What the task asks: Reproduce the records word for word, apart from the images they contain.

Segment Open

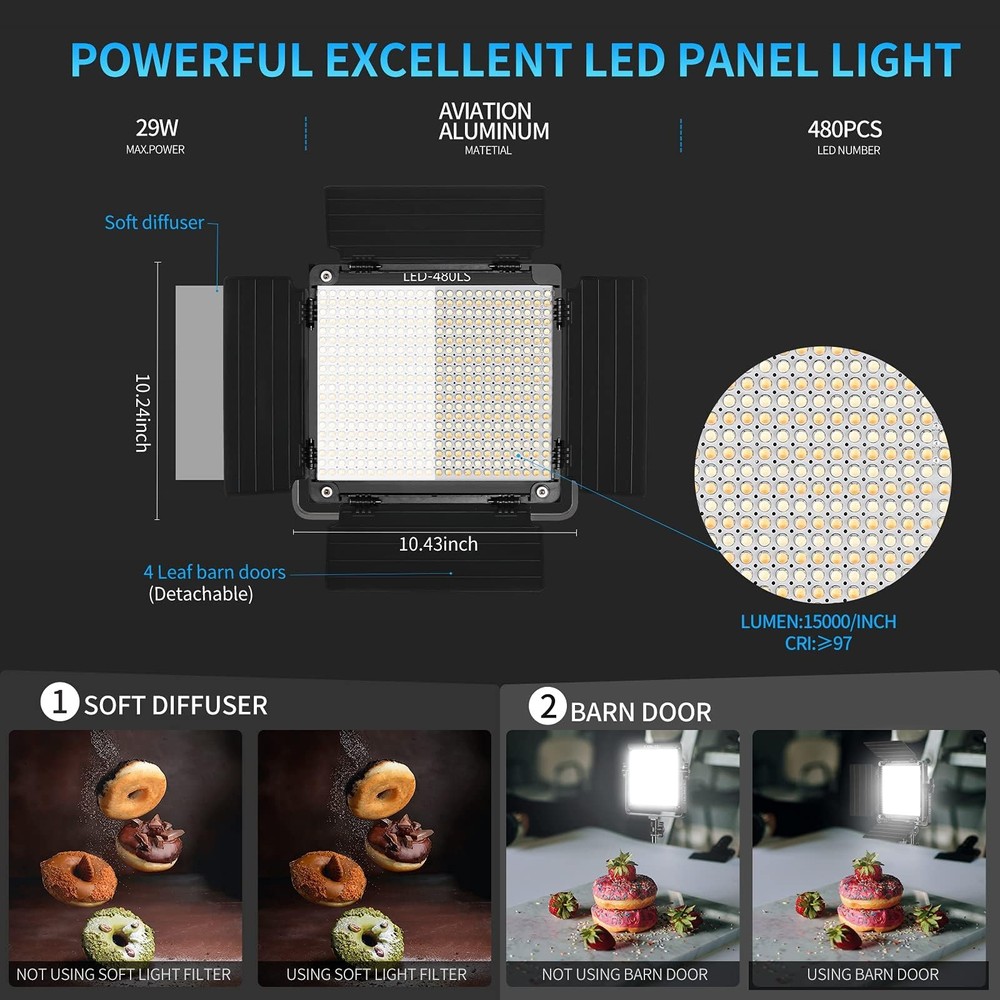 GVM 2 Pack LED Video Lighting Kits with APP Control, Bi-Color Variable 2300K~680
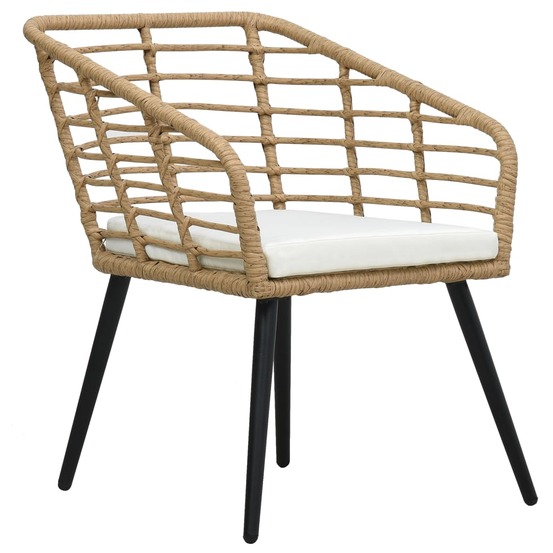 Chaises de jardin lot de 2 avec coussins résine tressée chêne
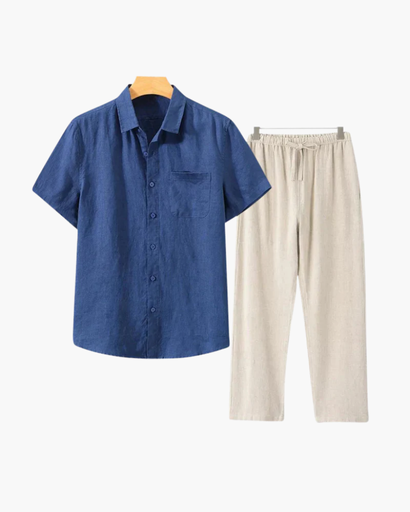 Ensemble Estival Homme – Chemise Courte à Boutons & Pantalon Ample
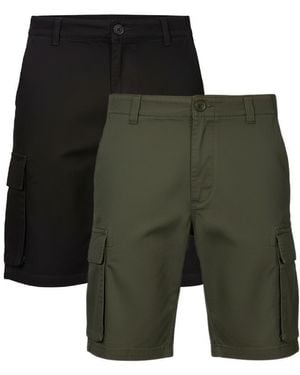 French Connection 2 Pack Cotton Cargo Shorts - Green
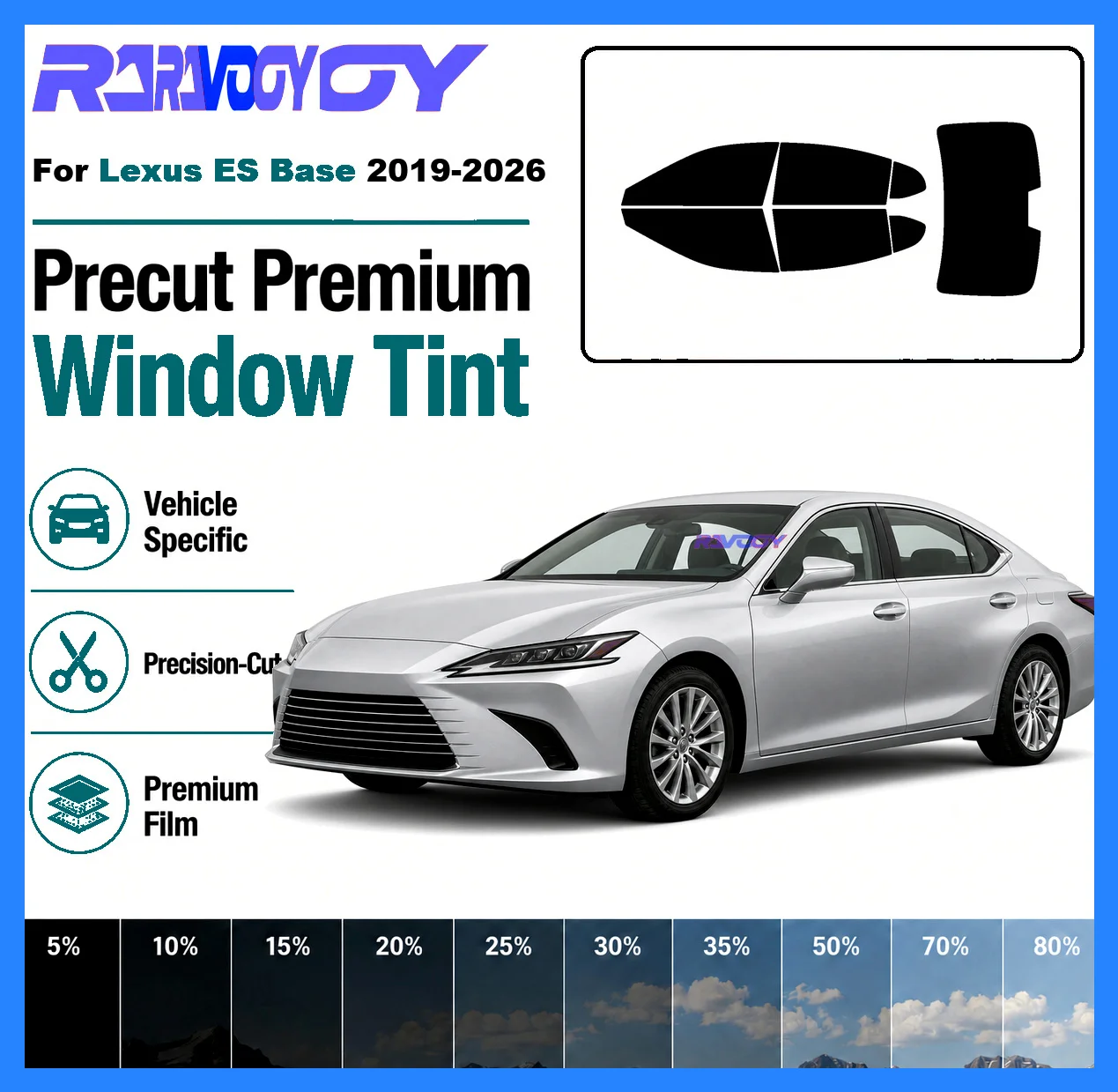 ravooy-for-lexus-es-base-2019-2026-pre-cut-window-tint-film-vehicle-specific-full-kit-front-rear-windows-precision-cut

Segment Closed

Finished task:
 GVM 2 Pack LED Video Lighting Kits with APP Control, Bi-Color Variable 2300K~680
 Chaises de jardin lot de 2 avec coussins résine tressée chêne
 Ensemble Estival Homme – Chemise Courte à Boutons & Pantalon Ample
 French Connection 2 Pack Cotton Cargo Shorts - Green
 ravooy-for-lexus-es-base-2019-2026-pre-cut-window-tint-film-vehicle-specific-full-kit-front-rear-windows-precision-cut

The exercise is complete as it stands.